WHAT YOU SHOULD DO: A verbatim repeat of the lines below is required, with the pictures removed.

RECORDED INFORMATION Block Start

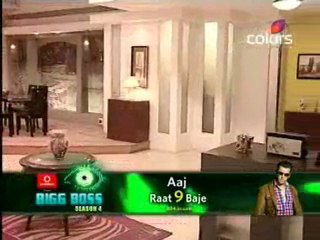 Thoda Hai Bas Thode Ki Zaroorat Ha 13 oct pt2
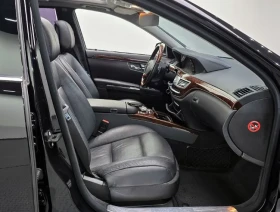 Mercedes-Benz S 500 Long - 24284 лв. / 12416.21 € - 29080375 10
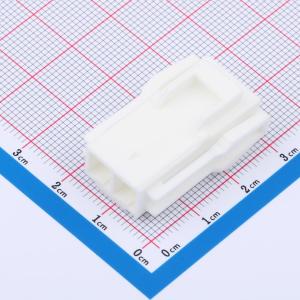 HC-VL-2EY-05商品缩略图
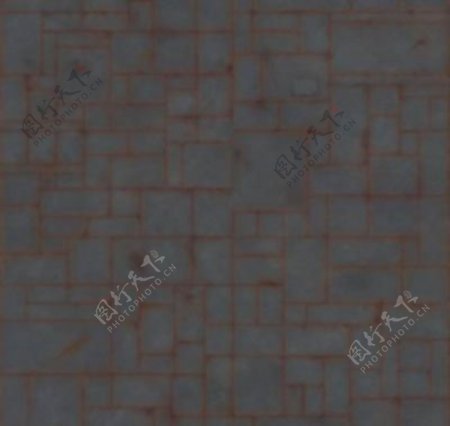 水泥板贴图3d混凝土3d材质库下载20090321更新19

RECORDED INFORMATION Block End

RESULT:
 Thoda Hai Bas Thode Ki Zaroorat Ha 13 oct pt2
 Mercedes-Benz S 500 Long - 24284 лв. / 12416.21 € - 29080375 10
 HC-VL-2EY-05商品缩略图
 水泥板贴图3d混凝土3d材质库下载20090321更新19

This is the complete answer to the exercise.